There in a paragraph is how I felt last night watching the Flames melt the Avalanche 5-2! Being there, in the box, was amazing. You could feel the chill from the ice, you could see the hockey players faces and best of all I could sense the jealously of thousands of people wonder who the bald kid was in the Pengrowth Box.

Chatting with CEO’s and Presidents I couldn’t help but chuckle to myself. How do I find myself in these situations! (me at Celebrity Duets, me at Rock Star: Supernova)
Regardless, I think I handled myself well, I kept the discussion topics away from me as much as possible. I figured they weren’t interested in hearing my theories on the Veronica Mars rapist. You’ll also be happy to know that I also resisted any urge to make jokes about “boxes”, although it wasn’t easy!

In a week where one of my friends starting working at the UN, another won the Rhodes Scholarship and all others have been finding varying degree of success. I find a little happiness now that I can say that I shook hands and drank Crown Royal with the best of them.

My friends: Chad, Me (I count), Jen and Brian

(we missed a goal right behind us when we took this pic!)

A cool pic I took from the box (hee hee). I heart my new camera!

Whoop Whoop

>I just found out I have tickets to the Calgary Flames tonight! In the Pengrowth Box! (ie Pengrowth Saddledome), at that! It was going to be fun, until I found out the President and CEO is going to be there. Now I’m scared for what may come out of my mouth. Whenever I’m put in situations where I have to watch what I say, is when I usually fail most at keeping quiet. For further references, please see funerals, wakes, bad weddings and churches.

Details/Pics to follow.

Waste of Time

>Life is not fair. It’s not easy. Its not supposed to be. Every week Meredith Grey or Mary Alice remind us of this, albeit in a fancier more narrative form. You would think after so many viewings this would stick in my head. But it doesn’t. Sometimes things happen that seem to unplausable that there is no way to prepare yourself. No way to get ready for the awfulness of what is to come. This weekend the awfulness took the shape of a DVD and called itself The Break Up. That’s right on a normally uneventful Saturday afternoon Jen Aniston and her boyfriend Vince “Was that a step down Jen, or a giant fall?” Vaughn rudely invaded my tiny living room. Filling it with pointless yelling, crying, arguing, more yelling…oh wait is that Jason Bateman…he’ll save me….oh no he’s helping them…stop kicking me Jason…I liked Arrested Development!

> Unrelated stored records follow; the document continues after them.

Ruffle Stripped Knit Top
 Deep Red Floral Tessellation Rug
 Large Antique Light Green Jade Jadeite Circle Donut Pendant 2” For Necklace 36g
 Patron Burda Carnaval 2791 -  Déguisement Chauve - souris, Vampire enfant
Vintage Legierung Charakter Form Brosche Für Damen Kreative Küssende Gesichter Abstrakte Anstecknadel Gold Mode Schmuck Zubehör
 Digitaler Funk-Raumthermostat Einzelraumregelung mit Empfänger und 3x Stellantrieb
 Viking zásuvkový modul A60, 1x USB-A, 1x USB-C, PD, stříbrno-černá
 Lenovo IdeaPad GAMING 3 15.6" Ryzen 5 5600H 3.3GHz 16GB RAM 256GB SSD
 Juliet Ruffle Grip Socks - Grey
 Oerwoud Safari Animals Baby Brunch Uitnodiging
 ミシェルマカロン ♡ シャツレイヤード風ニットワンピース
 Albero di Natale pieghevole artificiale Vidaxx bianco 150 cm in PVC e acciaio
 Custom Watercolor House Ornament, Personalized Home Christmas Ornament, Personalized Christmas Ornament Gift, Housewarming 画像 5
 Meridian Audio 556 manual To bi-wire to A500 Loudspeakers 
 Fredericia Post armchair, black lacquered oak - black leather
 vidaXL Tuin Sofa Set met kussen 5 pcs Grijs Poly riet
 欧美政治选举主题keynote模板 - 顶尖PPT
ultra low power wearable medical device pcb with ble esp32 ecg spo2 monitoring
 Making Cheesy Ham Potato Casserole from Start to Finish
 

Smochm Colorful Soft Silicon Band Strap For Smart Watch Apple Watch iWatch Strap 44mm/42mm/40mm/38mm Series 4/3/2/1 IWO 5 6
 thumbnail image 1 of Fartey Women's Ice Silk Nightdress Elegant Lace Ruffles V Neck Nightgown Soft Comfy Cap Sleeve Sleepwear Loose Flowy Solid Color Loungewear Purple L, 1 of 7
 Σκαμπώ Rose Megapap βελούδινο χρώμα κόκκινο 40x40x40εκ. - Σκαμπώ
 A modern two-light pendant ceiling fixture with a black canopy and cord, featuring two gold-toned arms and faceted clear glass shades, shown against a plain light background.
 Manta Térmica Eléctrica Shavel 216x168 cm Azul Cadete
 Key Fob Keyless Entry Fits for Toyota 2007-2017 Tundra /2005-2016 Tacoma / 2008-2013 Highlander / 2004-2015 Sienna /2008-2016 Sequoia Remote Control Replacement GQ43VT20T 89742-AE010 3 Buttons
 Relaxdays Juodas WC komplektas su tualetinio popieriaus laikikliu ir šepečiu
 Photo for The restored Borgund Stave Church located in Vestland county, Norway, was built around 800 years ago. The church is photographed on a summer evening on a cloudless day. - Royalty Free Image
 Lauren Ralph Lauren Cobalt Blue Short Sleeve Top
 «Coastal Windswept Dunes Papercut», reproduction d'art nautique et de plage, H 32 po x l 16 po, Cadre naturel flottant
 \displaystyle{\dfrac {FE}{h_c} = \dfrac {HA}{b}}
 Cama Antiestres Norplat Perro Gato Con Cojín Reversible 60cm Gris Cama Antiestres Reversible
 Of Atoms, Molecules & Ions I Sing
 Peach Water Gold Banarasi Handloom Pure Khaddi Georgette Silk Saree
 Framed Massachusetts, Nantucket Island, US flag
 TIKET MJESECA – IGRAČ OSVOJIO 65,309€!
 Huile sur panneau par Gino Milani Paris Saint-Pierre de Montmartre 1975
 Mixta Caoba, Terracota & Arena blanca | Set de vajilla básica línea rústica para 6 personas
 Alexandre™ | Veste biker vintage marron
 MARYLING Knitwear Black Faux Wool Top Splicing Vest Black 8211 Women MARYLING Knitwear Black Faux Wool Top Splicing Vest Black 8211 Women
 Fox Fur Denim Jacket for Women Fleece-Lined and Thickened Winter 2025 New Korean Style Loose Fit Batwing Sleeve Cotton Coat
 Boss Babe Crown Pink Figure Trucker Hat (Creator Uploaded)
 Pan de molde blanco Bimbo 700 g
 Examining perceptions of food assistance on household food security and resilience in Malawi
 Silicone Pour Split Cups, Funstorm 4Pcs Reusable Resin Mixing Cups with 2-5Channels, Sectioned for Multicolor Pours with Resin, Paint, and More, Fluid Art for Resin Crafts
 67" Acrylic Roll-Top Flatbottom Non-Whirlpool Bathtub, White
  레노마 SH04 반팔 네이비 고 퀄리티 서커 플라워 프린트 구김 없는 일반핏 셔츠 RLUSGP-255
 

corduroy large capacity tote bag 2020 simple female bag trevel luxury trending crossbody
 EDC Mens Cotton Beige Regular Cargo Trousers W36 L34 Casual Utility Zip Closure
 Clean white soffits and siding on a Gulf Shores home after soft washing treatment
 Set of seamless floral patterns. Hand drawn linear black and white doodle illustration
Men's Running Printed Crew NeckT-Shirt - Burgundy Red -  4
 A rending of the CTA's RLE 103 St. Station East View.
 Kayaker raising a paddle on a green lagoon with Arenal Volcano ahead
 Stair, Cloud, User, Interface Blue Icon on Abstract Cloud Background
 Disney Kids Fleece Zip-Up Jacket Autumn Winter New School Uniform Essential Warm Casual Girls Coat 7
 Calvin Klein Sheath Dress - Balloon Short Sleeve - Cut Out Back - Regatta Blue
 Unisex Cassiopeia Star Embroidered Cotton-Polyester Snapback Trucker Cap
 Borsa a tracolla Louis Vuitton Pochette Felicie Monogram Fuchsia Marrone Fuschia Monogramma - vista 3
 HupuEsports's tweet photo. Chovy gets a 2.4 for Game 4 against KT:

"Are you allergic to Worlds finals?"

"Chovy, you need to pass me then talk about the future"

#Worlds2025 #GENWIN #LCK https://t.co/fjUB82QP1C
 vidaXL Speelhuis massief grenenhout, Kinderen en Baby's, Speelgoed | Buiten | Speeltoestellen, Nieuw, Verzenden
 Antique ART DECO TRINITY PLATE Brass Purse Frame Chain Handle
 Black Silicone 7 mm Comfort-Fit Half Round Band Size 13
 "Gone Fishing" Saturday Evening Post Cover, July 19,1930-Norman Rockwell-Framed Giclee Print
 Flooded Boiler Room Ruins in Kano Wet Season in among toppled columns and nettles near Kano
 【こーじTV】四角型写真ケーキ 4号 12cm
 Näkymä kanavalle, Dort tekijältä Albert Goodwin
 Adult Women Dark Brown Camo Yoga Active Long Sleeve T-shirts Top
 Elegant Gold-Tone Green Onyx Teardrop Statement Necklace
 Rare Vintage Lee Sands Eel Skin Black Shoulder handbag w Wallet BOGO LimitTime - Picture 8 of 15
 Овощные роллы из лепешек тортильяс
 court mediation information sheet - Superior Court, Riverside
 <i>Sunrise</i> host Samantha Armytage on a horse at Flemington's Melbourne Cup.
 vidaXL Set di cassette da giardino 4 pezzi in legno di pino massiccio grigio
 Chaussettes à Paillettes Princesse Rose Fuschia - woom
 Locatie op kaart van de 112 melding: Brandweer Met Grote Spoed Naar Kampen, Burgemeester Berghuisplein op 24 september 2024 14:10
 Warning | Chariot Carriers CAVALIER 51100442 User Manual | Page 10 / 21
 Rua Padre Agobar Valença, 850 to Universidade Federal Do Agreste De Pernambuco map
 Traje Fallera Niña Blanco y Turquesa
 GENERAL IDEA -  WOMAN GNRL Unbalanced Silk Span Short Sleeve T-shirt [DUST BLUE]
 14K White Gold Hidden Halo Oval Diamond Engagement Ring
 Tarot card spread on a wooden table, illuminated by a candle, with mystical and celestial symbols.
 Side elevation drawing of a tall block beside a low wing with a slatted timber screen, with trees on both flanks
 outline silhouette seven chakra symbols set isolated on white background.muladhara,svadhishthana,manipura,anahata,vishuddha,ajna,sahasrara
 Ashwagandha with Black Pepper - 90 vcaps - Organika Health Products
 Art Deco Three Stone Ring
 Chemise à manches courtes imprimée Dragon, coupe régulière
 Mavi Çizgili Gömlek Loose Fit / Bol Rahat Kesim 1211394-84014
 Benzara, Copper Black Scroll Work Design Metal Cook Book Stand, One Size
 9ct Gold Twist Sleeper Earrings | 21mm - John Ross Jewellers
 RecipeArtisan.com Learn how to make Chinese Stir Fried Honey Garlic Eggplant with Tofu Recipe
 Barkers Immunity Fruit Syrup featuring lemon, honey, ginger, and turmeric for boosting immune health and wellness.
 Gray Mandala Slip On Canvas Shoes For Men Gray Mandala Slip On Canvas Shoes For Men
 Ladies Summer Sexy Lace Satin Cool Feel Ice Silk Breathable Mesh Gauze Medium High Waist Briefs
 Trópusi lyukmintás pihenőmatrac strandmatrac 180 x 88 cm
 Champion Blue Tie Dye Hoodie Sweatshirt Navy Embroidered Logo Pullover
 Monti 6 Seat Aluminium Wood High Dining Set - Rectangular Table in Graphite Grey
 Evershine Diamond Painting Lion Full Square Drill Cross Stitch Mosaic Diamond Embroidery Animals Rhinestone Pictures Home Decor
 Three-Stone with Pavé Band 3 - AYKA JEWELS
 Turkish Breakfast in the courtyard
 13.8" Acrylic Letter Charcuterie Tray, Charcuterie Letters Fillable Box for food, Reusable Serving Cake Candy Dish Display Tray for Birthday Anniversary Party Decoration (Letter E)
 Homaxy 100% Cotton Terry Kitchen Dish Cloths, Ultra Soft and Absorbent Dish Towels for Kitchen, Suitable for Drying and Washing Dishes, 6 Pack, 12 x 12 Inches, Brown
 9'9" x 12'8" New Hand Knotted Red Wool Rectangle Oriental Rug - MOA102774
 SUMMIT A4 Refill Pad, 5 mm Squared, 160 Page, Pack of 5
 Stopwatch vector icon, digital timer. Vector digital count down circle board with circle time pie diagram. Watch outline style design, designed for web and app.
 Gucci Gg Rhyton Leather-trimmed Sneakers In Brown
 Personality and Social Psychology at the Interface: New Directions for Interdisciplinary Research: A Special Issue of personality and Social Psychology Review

Before I knew it 2 hours had passed and the credits on this movie were rolling and I was saddened and slightly bruised. Where did this movie go wrong? And do people actually like this movie? It made me sadder than the time that the barber held up the mirror revealing without a doubt that I was balding. How do movies like this get made? When I see movies like this, it makes me thing of how much the studios infringe the writers original product. I imagine at one point this movie was funny/charming, how else would everyone sign up? But somewhere down the line this movie got chopped up faster then a poor little boy at a Bar Mitzvah.

Ever since Magnolia where we are introduced to a character that listen’s to “Dreams” all the time in his car, I’ve always thought about the weirdos out there that love a certain movie or CD so much they consume their life with it! I can’t help but wonder if there is a lonely woman out there that sits on the floor with her cats, where they discuss their favorite points of the Breakup. I mostly feel bad for the cat!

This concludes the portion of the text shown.